The COVID-19 pandemic was a global challenge with high risks for the world population. Since COVID-19 was a novel virus, the pandemic was associated with many uncertainties, especially at the early outbreak stage. The highly contagious COVID-19 required the speedy implementation of measures to contain its spread and reduce the risk of harm to people worldwide. The combination of high levels of both risk/threat and uncertainty and the need to (re-)act rapidly presented severe challenges for policymakers and scientific research alike. For policymaking, the high-risk, high-uncertainty nature of the COVID-19 pandemic meant that it was important to be evidence-based. This entails that policy decisions – in this specific case, mainly regarding the development, implementation, adjustment or cessation of measures for containing the pandemic – should be informed by the rigorous consideration of available scientific evidence (Parkhurst, 2017). The general assumption behind evidence-based policymaking is that policies work better if we understand the mechanisms expected to function if implemented (Sanderson, 2002). Public health policymaking to mitigate the impact of COVID-19 was largely dominated by the epistemic hegemony of biomedicine (Sell et al., 2021). However, basing policymaking solely on evidence from biomedical research would have been problematic in at least two respects: Firstly, pandemics are multidimensional and have social and political aspects and consequences (Lohse and Canali, 2021). Secondly, when neither medication nor vaccination against COVID-19 was available at the beginning of the pandemic, the only measures that could be implemented were behavioural and studying human behaviour (as well as its antecedents and consequences) lies at the core of the social sciences. The second point was the basis for a widely discussed paper published early in the pandemic, which suggested ‘Using social and behavioural science to support COVID-19 pandemic response’ (Van Bavel et al., 2020). Specifically, in that paper, the authors propose 19 policy recommendations that could be backed by social science research. In response to that paper, however, another group of researchers recommended to ‘Use caution when applying behavioural science to policy’ (IJzerman et al., 2020). That paper proposed an evidence-readiness level for ascertaining whether findings from research in social and behavioural science are suitable for informing policy decisions.

Social science research and data on the COVID-19 pandemic

Among the topics commonly studied within the social and behavioural sciences identified by Van Bavel et al. (2020) as relevant to the COVID-19 pandemic are, for example, threat perception, trust, science communication, misinformation, conspiracy theories, social norms, polarization or stress and coping. The body of research on the pandemic and its effects on human behaviour is at least as diverse as this list. It shows the broad range of questions that social science research has investigated regarding the COVID-19 pandemic. Across social science disciplines, including, for example, psychology, political science, communication or sociology, studies have, for instance, addressed trust in science (Bromme et al., 2022; Rothmund et al., 2022), the information environment (Mach et al., 2021; Stier et al., 2022), misinformation (Hameleers et al., 2023; Yang et al., 2021) and news avoidance (de Bruin et al., 2021), polarization (Hart et al., 2020; Reiter-Haas et al., 2023), conspiracy theories (Batzdorfer et al., 2022; Hornsey et al., 2021), the psychological implications of telework (Schmitt et al., 2021) and self-isolation (Heffner et al., 2021), or the relationship between personality and responses to the pandemic (Anglim and Horwood, 2021).
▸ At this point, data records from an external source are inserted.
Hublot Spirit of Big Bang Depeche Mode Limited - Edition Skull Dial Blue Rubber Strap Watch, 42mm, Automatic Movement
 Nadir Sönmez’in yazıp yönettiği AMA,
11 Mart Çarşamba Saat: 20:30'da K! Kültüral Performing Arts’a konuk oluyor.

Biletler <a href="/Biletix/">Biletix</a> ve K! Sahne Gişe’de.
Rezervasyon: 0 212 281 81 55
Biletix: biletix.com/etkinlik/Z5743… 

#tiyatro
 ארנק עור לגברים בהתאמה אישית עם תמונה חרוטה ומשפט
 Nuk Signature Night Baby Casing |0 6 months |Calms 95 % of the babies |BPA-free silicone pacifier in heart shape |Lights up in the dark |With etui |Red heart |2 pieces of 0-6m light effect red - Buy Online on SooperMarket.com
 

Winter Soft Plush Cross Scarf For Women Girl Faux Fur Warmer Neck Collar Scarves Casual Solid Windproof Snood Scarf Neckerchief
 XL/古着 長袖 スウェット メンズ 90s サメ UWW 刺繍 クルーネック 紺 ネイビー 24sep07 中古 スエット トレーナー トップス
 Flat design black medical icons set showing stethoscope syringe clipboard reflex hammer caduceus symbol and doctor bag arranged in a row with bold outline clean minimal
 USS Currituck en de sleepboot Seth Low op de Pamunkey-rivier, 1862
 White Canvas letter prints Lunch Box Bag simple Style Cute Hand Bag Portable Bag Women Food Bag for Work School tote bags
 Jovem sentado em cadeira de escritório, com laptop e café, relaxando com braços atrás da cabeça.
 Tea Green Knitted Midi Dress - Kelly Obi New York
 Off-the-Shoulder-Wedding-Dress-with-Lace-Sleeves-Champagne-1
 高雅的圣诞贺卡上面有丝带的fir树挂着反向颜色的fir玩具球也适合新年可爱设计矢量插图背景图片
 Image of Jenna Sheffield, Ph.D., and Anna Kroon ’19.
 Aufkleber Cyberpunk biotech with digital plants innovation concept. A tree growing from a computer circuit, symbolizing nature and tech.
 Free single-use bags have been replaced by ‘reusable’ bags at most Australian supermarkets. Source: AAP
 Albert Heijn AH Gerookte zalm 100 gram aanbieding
Regardless of the specific question being investigated, providing reliable insights requires data. This is not different in the social sciences from any other area of scientific inquiry, including biomedical research. While not as varied as the topics, there is some variance in the types of data used in social science studies on the COVID-19 pandemic. As the cited examples show, the most common type is survey data, but researchers have, for instance, also analysed media content or posts and other types of data from social media platforms. What also differs widely is whether or in what form the research data collected or used for social science publications on the COVID-19 pandemic were published. There are different reasons for heterogeneous data publication practices. Important factors besides practical reasons, such as the required time and resources, include the ethical considerations.

Research ethics, research integrity and FAIR data

The FAIR principles specify that data should be Findable, Accessible, Interoperable and Reusable. Findable refers to readily discovering the metadata (data describing data) and data, typically with a unique identifier. Accessible means data are retrievable via an open and accessible protocol. Interoperable means the (meta)data can be exchanged (usually, this implies machine-readability). And finally, Reusable includes features, such as detailed description and provenance (Wilkinson et al., 2016). Before elaborating on FAIR data, it is useful to situate the FAIRness criteria within the broader frameworks of research ethics and research integrity. Scholars agree that there is broad overlap between the two, but also different emphases, with active debate as to the correct integration (Emmerich, 2020). Indeed, two widely recognized publications include both ‘Integrity’ and ‘Ethics’ in their titles (Iphofen, 2020; Israel, 2015). Ethics has primarily concerned research participants and risks of harm to them, whereas integrity often focuses on the role of host institutions and sponsors, and typically promotes honesty and independence while sanctioning research misconduct (e.g. fabrication or falsification of data) (Israel, 2015). Hence, research ethics tends to scrutinize research before it is undertaken, while integrity is typically assessed afterward. Within this framing, the FAIR principles are probably best seen as a method of enhancing research integrity. However, they have ethical implications as well, and these are becoming more prominent. The FAIR criteria of interoperability and reusability are both necessary for research transparency and the repurposing of data. Thus, by making research reproducible and replicable research, FAIR practices enable the implementation of the data management components of research integrity.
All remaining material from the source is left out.